This case describes treatments implemented at three different sites, labeled Hart Lake, Prairie River, and Shoal Lake. All sites are on industry-owned land dedicated to commercial timber production. The silvicultural objective is to regenerate aspen-spruce mixed woods for multiple commercial entries. [We have decided to publish all three as the same case. Treatments are identical, only locations differ. Photos from all three sites are included. -ed.]
To regenerate conifer and aspen for multiple entries for commercial harvests.
Pre-treatment stand description and condition
Stand establishment and management history:
Aspen clearcut, planted with white spruce, and aspen allowed to resprout. No herbicides used.
Pre-treatment species composition:
Aspen, white spruce, balsam fir
Industrial land, for commercial timber production.
Manually release 3’ radius around all conifer seedlings with brush saws. 1100 trees per acre is the goal upon completion
What actually happened during the treatment
Migrant crews used brush cutters in summer of 2011 to remove all woody competition within 3 foot radius of each conifer on the site. A control area had been cordoned off and not cleared for comparison. Plots within control and treated sites were measured by Pike, Warren, Humenberger in 2011 after treatments were completed. Plots were finished in 2015.

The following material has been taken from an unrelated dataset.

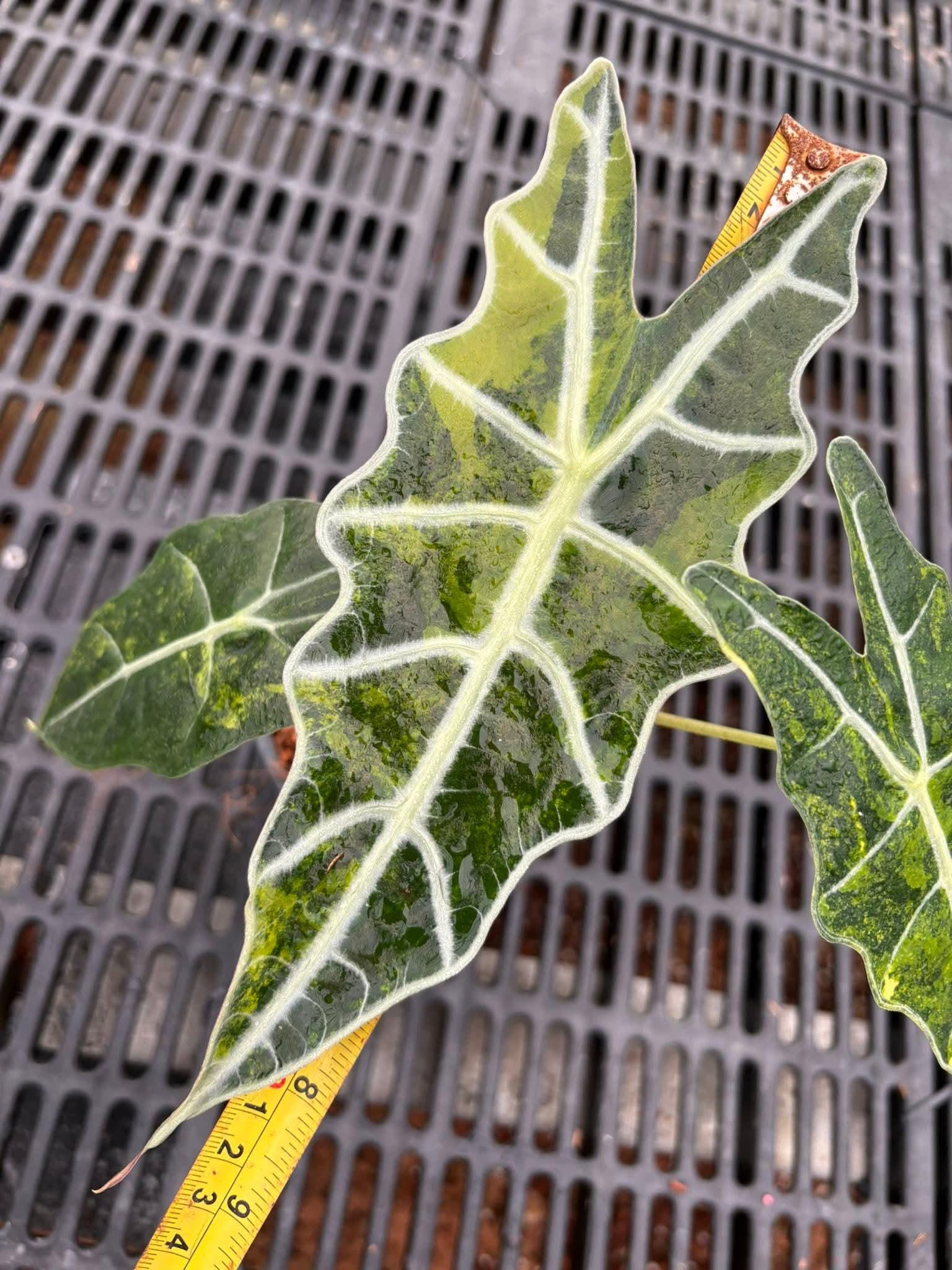 Alocasia sanderiana - Etsy 日本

Figure 1: White spruce release Hart Lake control plot
Figure 2: White spruce release Hart Lake treatment plot
Figure 3: White spruce release Shoal Lake control plot
Figure 4: White spruce release Shoal Lake treatment plot
Figure 5: White spruce release Prairie River control plot
Figure 6: White spruce release Prairie River control plot
Conifer trees within the treated plots were more vigorous than those in the untreated plots. Overall survival of planted spruce trees was high across the site (>75%). The prescription appears to be favorable to health of the conifers. We observed pockets of balsam fir, and occasional white pine trees that seeded in naturally.
Costs and economic considerations
Harvest was clearcut, pre-commercial treatment required approximately three days to complete on the 19-acre Shoal Lake site.
We established four 1/5 acre plots with rebar center posts in treated and adjacent control (untreated) areas to monitor the effects of the treatments over time. We collected baseline data for future study.
Summary / lessons learned / additional thoughts
The planted white spruce seedlings were vigorous; the overstory above them seemed to protect the seedlings from effects of early spring frost. The release was necessary and successful at invigorating the seedlings.